# cuidado con sus celulares !!! SMS con cargo



## fernandob (Oct 9, 2009)

entren a estas paginas para darse por advertidos .

a mi me paso .
el asunto es que uds. comienzan a recibir mensajes de texto con pubilicidad o tonteras , no les hacen caso PERO ELASUNTO ES QUE ESOS MENSAJES SON CON CARGO PARA UDS. cuando se dan cuenta quedaron sin credito

*http://www.ymipollo.com/~sorginak/143952.el-hijoepu-test-de-la-muerte.html

http://www.ciao.es/Opiniones/Blinko__725137

esta es muy clara :
http://sinbarreras.obolog.com/sms-spam-movil-estafas-enganos-denuncias-344839*


----------



## Chico3001 (Oct 9, 2009)

Afortunadamente en Mexico aun no lo he visto.. aunque no dudo que ya exista una empresa asi....


----------



## elosciloscopio (Oct 10, 2009)

Pero a que te refieres?
Te envian esos mensajes así porque sí? con una máquina que tiene programados todos los números existentes?

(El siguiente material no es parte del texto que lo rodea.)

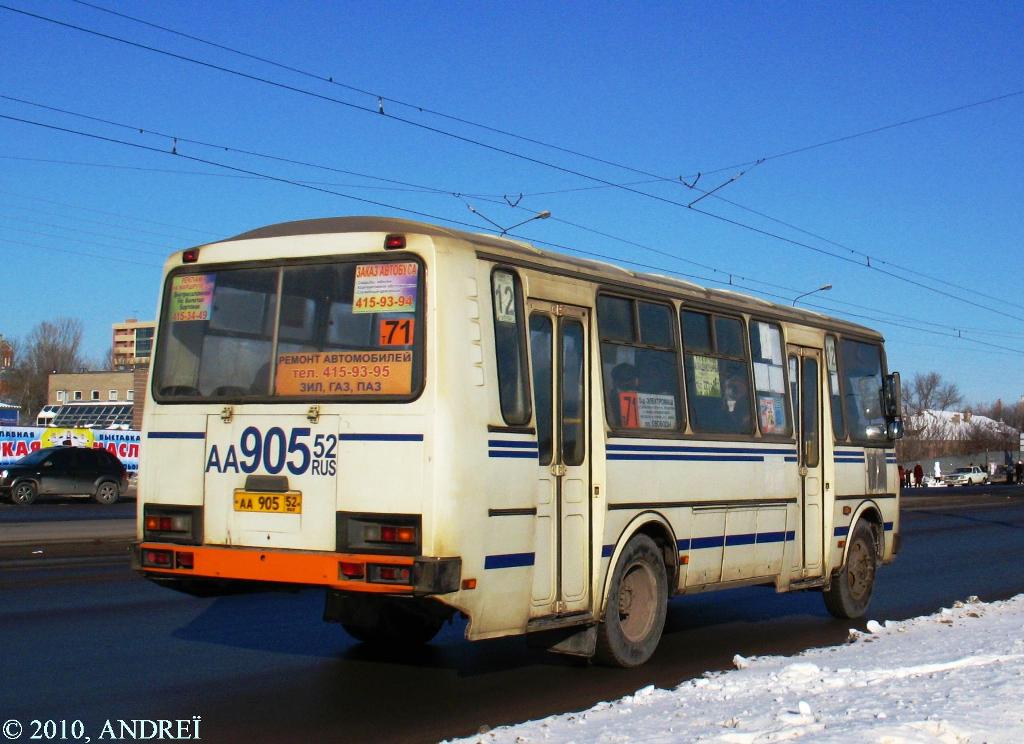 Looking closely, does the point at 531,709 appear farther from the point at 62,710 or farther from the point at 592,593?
the point at 62,710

o tienes que picar en una de esas cosas que dicen 
"envia alta al **** y ganaras..."


----------



## KARAPALIDA (Oct 10, 2009)

buenass.

SI yo vi varios casos que una ves que te suscribiste por ejemplo a un horoscopo, no hay forma de darle de baja al servicio, siendo la unica solucion darle de baja a ala linea. 

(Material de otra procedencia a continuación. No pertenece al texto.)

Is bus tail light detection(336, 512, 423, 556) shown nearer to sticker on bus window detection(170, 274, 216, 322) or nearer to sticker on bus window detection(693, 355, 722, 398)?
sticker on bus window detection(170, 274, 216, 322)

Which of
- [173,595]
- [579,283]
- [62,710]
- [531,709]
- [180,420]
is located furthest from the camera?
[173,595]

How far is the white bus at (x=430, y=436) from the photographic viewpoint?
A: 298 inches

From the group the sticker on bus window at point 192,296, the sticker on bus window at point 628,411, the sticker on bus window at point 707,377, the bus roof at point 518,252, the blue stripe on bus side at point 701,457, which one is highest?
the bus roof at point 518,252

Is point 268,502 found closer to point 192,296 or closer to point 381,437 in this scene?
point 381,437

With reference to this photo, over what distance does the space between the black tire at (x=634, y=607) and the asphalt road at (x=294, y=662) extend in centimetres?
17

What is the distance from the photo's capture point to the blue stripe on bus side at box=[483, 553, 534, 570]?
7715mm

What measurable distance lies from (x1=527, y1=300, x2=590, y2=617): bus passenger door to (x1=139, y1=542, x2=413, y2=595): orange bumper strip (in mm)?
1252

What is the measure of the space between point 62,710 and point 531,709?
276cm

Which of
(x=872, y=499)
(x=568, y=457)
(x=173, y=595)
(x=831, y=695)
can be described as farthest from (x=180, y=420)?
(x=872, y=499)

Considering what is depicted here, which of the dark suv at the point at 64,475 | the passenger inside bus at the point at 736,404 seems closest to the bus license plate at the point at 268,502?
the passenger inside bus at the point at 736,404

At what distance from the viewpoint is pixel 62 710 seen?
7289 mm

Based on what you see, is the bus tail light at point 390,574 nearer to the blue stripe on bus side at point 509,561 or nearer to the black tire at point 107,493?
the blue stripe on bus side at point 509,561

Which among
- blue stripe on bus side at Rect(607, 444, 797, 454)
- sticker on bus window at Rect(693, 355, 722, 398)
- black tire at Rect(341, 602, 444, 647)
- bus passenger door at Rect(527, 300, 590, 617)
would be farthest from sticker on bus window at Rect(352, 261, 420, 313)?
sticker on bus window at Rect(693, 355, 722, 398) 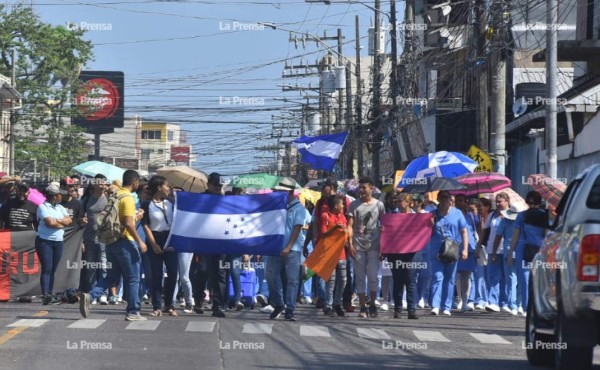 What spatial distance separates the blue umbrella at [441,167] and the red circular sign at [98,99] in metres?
54.4

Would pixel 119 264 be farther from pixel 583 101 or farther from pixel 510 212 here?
pixel 583 101

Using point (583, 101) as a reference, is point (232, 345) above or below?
below

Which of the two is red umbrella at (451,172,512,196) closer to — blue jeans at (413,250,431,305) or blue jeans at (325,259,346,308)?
blue jeans at (413,250,431,305)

Ahora esto que te manden un mensaje engañoso y si lo respondes, te das de alta automaticamente, nunca lo vi. Pero estoy seguro que vamos a empesar a tener noticias al respecto. 

Saludos


----------



## elosciloscopio (Oct 10, 2009)

Eso en españa está a la orden del día..
afortunadamente nunca he picado


----------